Stroud pound

Demographics
- User(s): Stroud

= Stroud pound =

Local currency used in Stroud

The Stroud pound is a local currency in use in Stroud, Gloucestershire, England. Unveiled on 12 September 2009, the scheme is the third local currency scheme introduced in England in recent years after the Totnes pound and the Lewes pound.

==History==
Launched on 12 September 2009, the scheme is an initiative of the local Transition Towns group. Unlike the Totnes pound and the Lewes pound, the Stroud pound is based on the Chiemgauer, a community demurrage currency circulating in the Chiemgau region of Bavaria, Germany since 2003. The Stroud pound has a demurrage rate of 3% every six months. As of April 2010, 30 businesses in Gloucestershire are enrolled in the programme.
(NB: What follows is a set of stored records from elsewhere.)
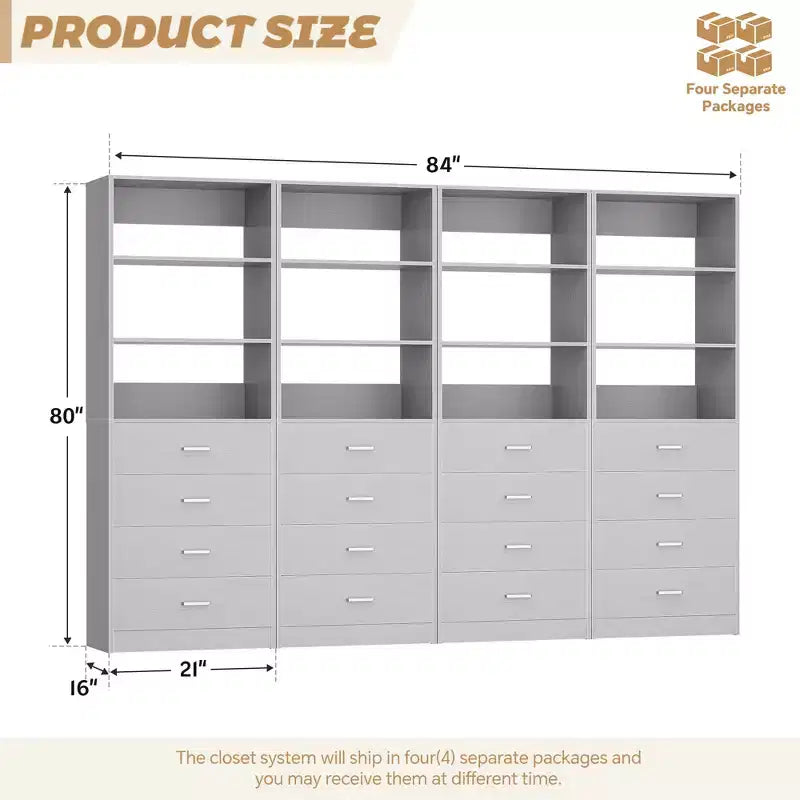 Closet Organizer System with Wood Drawers and Shelves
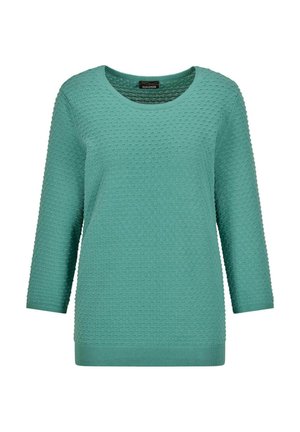 Teal gebreide trui met een textuur van stippen, ronde halslijn, en driekwart mouwen, geribbelde zoom en manchetten.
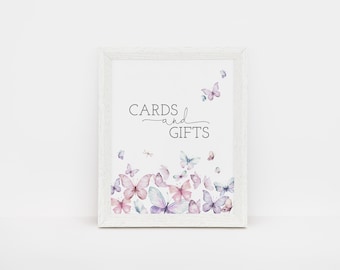 Butterflies Cards And Gifts Sign, Gift Table Sign, Bridal Shower Decor, Pink Purple Blue Birthday Sign, Instant Download, Editable Template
On the day of the launch, local currency with a face value of over 1,000 Stroud pounds was sold.

However, in 2011 only £4,000 worth of Stroud pounds were issued. Some local businesses complained about the hassle and said customers still supported them but preferred to use sterling.
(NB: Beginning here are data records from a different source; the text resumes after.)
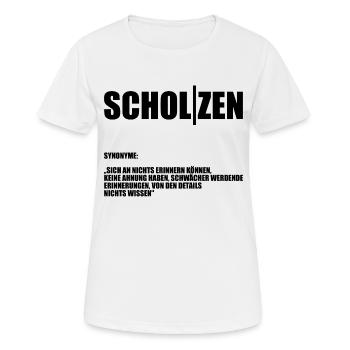 Scholzen - Frauen T-Shirt atmungsaktiv - Weiß - Vorne - AI Model Female 172 dark (172cm)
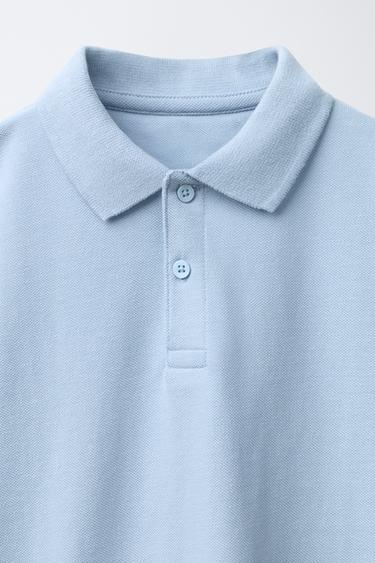 BASIC PIQUÉ POLO SHIRT - Sky blue by Zara - Image 2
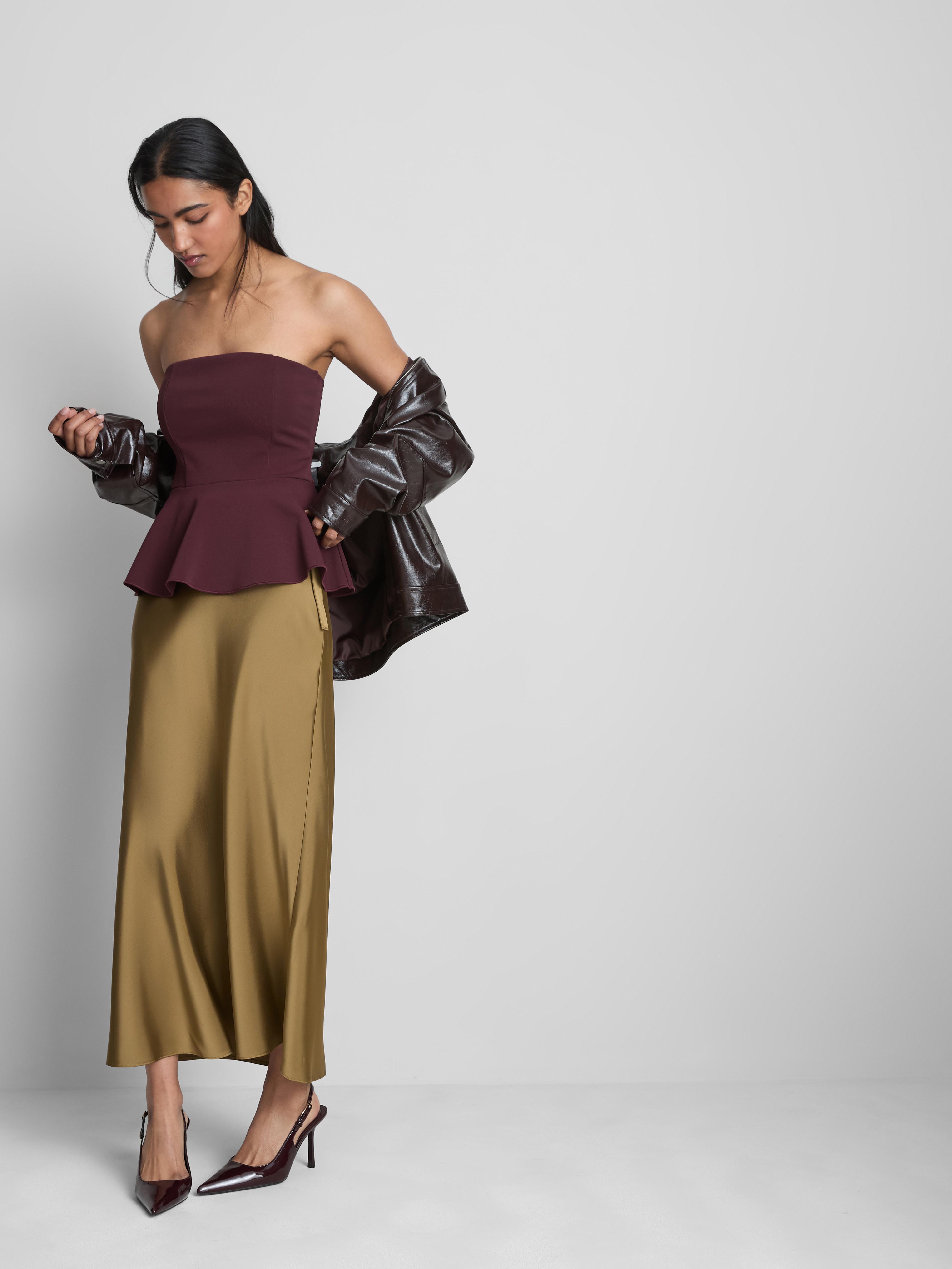 Women's Plum Peplum Hem Bandeau Top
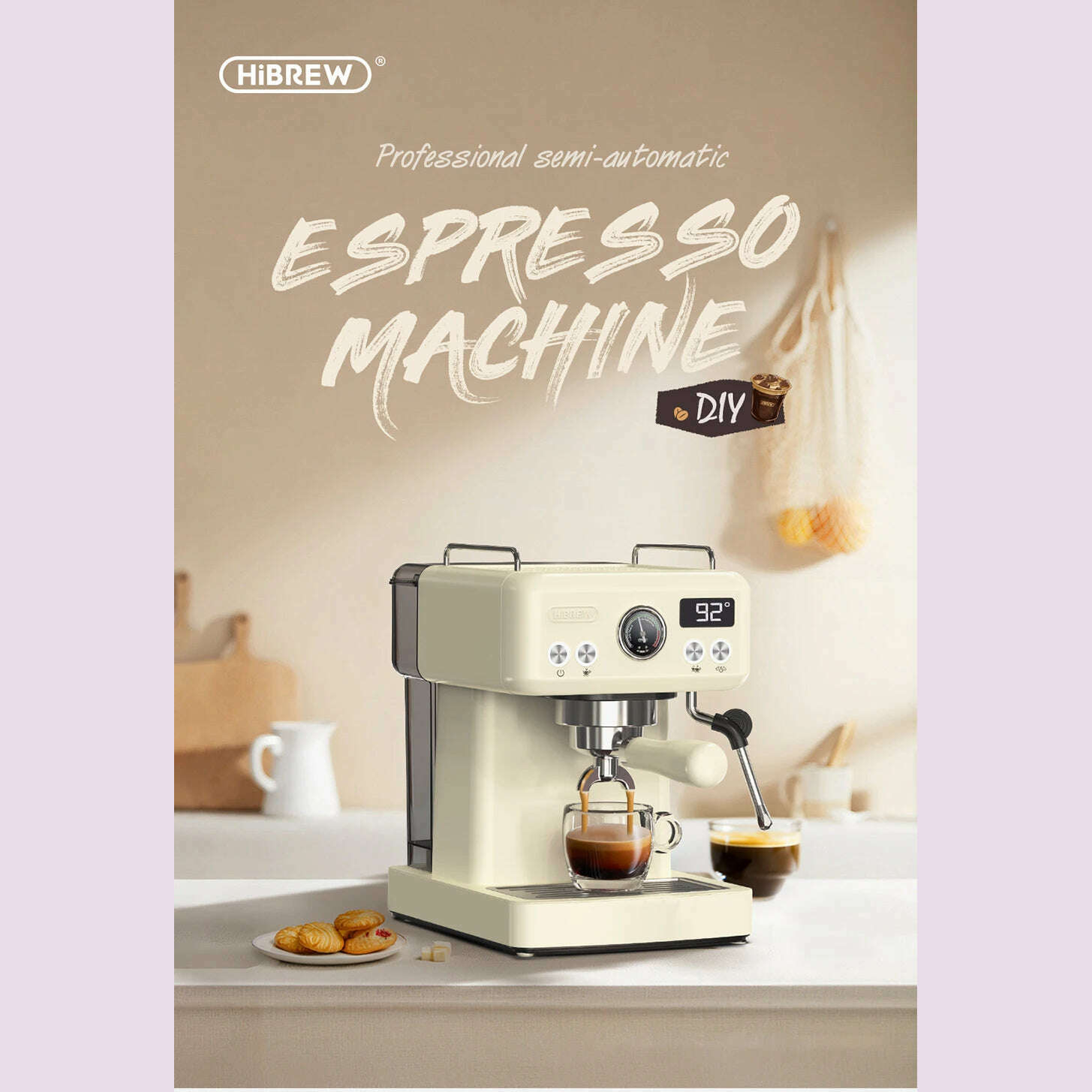 HiBREW 20Bar Semi Automatic Espresso Coffee Machine 58mm Portafilter Temperature Adjustable Cappuccino Coffee Maker Metal Case - KIMLUD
In 2015 a discussion on a possible re-launch was held.

One of the founders, Molly Scott Cato said in 2016 that the currency was "never viable", since there was not enough currency in circulation, compared to the Bristol pound.

As of November 2019 the website had not been updated since 2012, but Stroud Pound Co-op Ltd still exists.

==Currency design==
Stroud Pounds were available in four denominations: £1, £2, £5 and £10. All feature Philippa Threlfall's 1972 mural "Buildings of Stroud" and a Fuller's teasel (Dipsacus sativus) on the front, and various images of local significance (including local celebrities, landscapes, flora and fauna) on the back. The highest denomination features Laurie Lee. Designs are printed in bright colours on watermarked security paper.